# Time to once again look at Plex for Tivo



## dadrepus (Jan 4, 2012)

piTivo and piTivoX are both fine for what they do and I do appreciate all the work that has been put into the aps. But I love the GUI of my Plex install and would like to see it on my Tivo box. They now have separated the server ap from the viewer ap so you can now get a viewer for ios, android, windows and linux. Where is the Tivo/Plex love?


----------



## bradleys (Oct 31, 2007)

If I understand the functionality of Plex - that is similar to the functionality that TiVo is building into their network streaming device...

Understand that it will only support the Premier.

http://www.tivocommunity.com/tivo-vb/showthread.php?t=481440


----------



## dadrepus (Jan 4, 2012)

bradleys said:


> If I understand the functionality of Plex - that is similar to the functionality that TiVo is building into their network streaming device...
> 
> Understand that it will only support the Premier.


What is being shown there is streaming from the Tivo to an ipad so you can watch all your recorded show on your ipad. What I want is to stream all my saved tv shows and movies on my NAS/ computer to the Tivos to show on my large screen tv's without the ton of little boxed like an apple tv, Roku, etc.. Use the Tivo to display both recorded and streaming sources. Plex also has hundreds of on-line channels to view, like AppleMovie trailers, CNN, Hulu, Youtube and tons of others. They are NOT blocked like GoogleTv because they actually are coming from a computer source and streaming to the other boxes.


----------



## bradleys (Oct 31, 2007)

Yep... I gotcha! 

With streaming now enabled on Premier boxes - it should only be a matter of time before we can stream from NAS/Server devices. (we can already move MRV)

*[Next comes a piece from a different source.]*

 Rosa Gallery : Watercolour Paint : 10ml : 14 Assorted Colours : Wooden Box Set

As for the on demand channels - TiVo already does that. And tivo claims that new and improved apps should be in place this spring!


----------



## dadrepus (Jan 4, 2012)

Yes and I am using piTivoX currently to get the shows off my mac mini and connected drives. So, the basic need are covered but the gui is basically folders driven as opposed to the lovely way Plex does it with cover art, background art, synopsis, theme music for the tv shows all incorporated. 
Is there anybody talented enough to take the linux client being worked on and changing what is necessary to make it work on tivo? Tivo is linux based isn't it?


----------



## jcthorne (Jan 28, 2002)

Perhaps you should give vidMGR a look see for a nice GUI interface on the Tivo for media files on your server.


----------



## plazman30 (Jan 23, 2005)

Plex is open source. Grab a text editor and compiler and get cracking!

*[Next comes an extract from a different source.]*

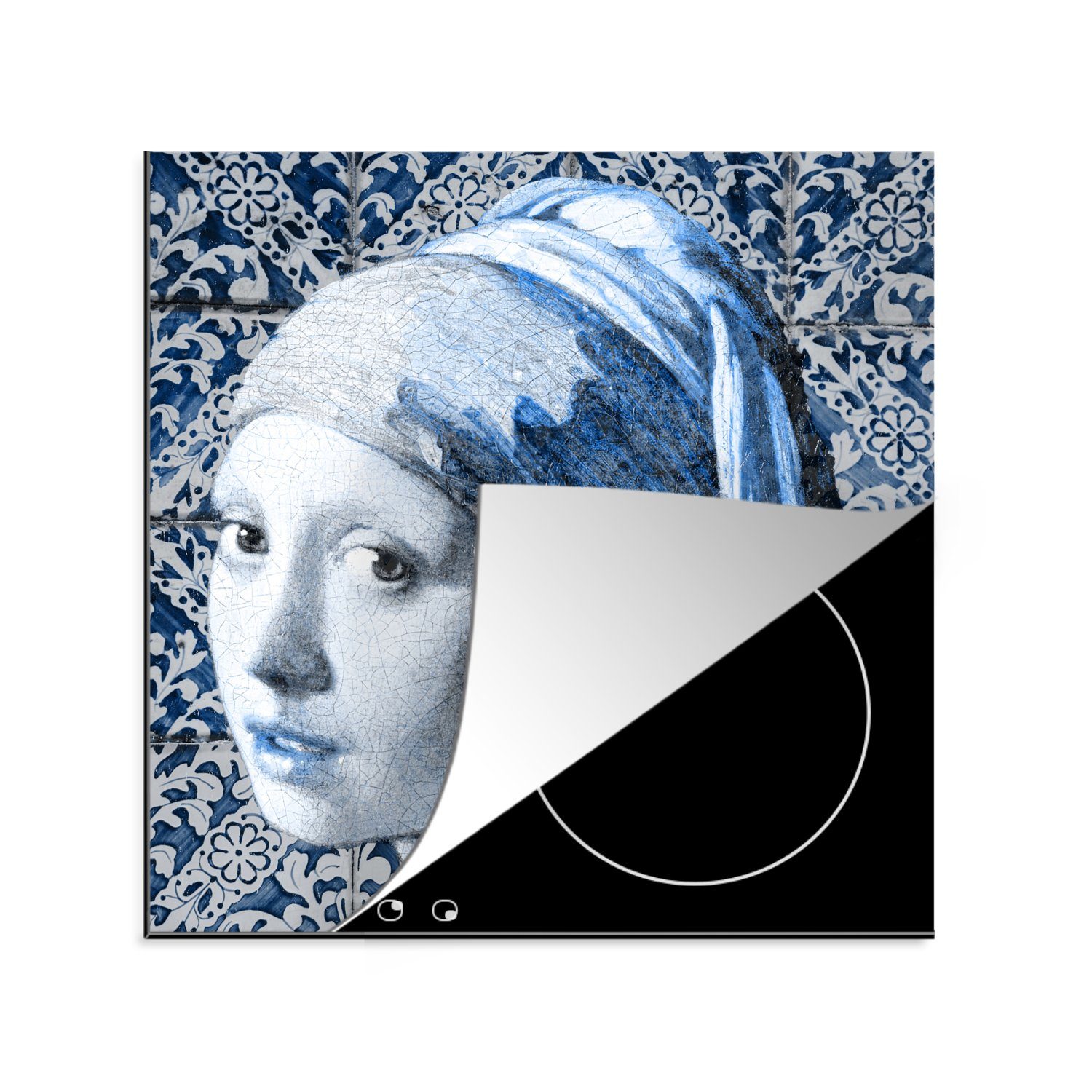 MuchoWow Herdblende-/Abdeckplatte Mädchen mit Perlenohrring - Johannes Vermeer - Delfter Blau, Vinyl, (1 tlg), 78x78 cm, Ceranfeldabdeckung, Arbeitsplatte für küche | Herdabdeckplatten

No one on the Plex team is going to develop a Plex application unless they have a TiVo and need the functionality.

Android and iOS have markets where Plex sells their app for a fee. So, I guess that helps the project pay for it's costs. I know I have the Plex client on my Roku and it works great. But with TiVO 20.2 out, and a new Netflix interface coming, and Amazon Prime streaming, I don't see me using the Roku all that much.

If there was a Plex client for TiVo, I would probably put the Roku on eBay.


----------



## dadrepus (Jan 4, 2012)

plazman30 said:


> Plex is open source. Grab a text editor and compiler and get cracking!


If I knew how I would but trying to just learn php at my advanced age has been a struggle, python is much worse I'm sure.



plazman30 said:


> If there was a Plex client for TiVo, I would probably put the Roku on eBay.


My sentiments exactly. What I would love to see is a 1 box solution: blueray, Tivo with 6 tuner support and Plex in a single box. My dream box!


----------



## 36446 (May 19, 2011)

Well you would have to start off by making an HME for the TiVo.

http://tivohme.sourceforge.net/index.php


----------